Following the death of a 90-year-old Spanish woman after a collision with an electric scooter in what is believed to be the first accident of its kind in the world in Barcelona this week, the Director General for Traffic, yesterday announced new measures to ban scooters from being ridden on pavements and that a maximum speed limit of 25 kilometres per hour is to be introduced.
One of the biggest hurdles to overcome is that the law introduced in 2016 to regulate the use of manned vehicles has become to a certain extent obsolete because of the introduction of new forms of travel, such as electric scooters which are now extremely popular on the pavements and cycle lanes of Palma.

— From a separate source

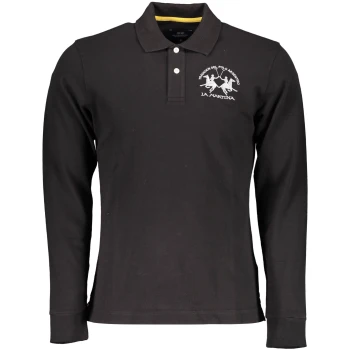 LA MARTINA MEN'S BLACK LONG SLEEVE POLO SHIRT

The exponential growth of electric scooters in cities in Spain and elsewhere has promoted debate about their safety and where they should be allowed to circulate.
Out-of-date laws meant for non-motorised scooters mean that in Madrid and Palma, for example, they can be ridden on the pavement, although the capital council is drawing up plans to restrict their use.
In the case of Palma, we will have to wait and see what action the council intends to take.
In Barcelona a taxi driver videoed a teenage couple riding on a scooter at 50 miles an hour, presumably after manipulating the device to raise its maximum speed.
Spain’s interior minister, Fernando Grande-Marlaska, said in October that traffic rules must be changed to protect “especially vulnerable” road users, noting that this year would be the first on record in which pedestrians, cyclists and motorcyclists’ deaths would outnumber those of drivers.